■ DATA FOR REVIEW ■

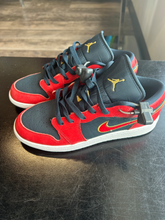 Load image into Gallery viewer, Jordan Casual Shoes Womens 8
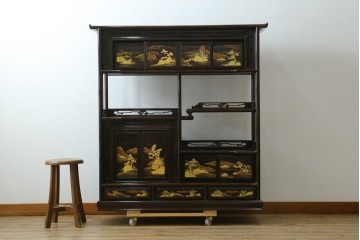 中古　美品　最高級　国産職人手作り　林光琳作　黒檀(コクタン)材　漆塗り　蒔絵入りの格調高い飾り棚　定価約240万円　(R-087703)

---

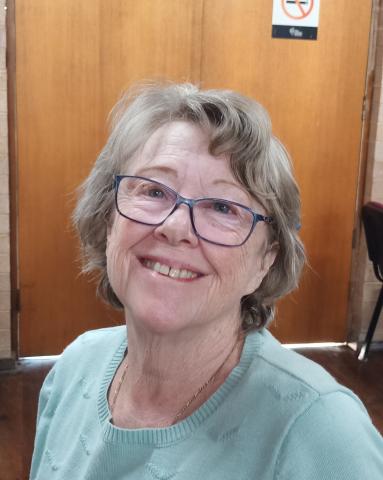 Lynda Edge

==

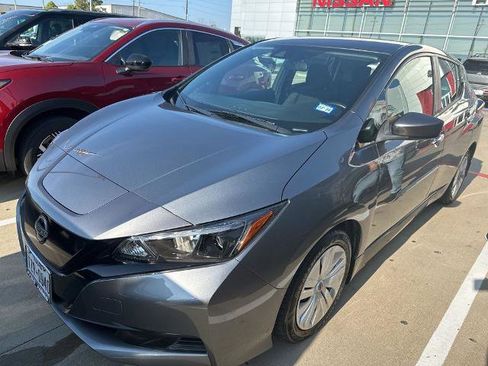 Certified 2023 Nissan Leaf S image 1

■ TASK DIRECTIONS ■
Your answer must be the lines above from the one holding "Load image into" up to and including the one holding "中古　美品　最高級　国産職人", exact and with no pictures.

■ RESPONSE ■
 Load image into Gallery viewer, Jordan Casual Shoes Womens 8
 中古　美品　最高級　国産職人手作り　林光琳作　黒檀(コクタン)材　漆塗り　蒔絵入りの格調高い飾り棚　定価約240万円　(R-087703)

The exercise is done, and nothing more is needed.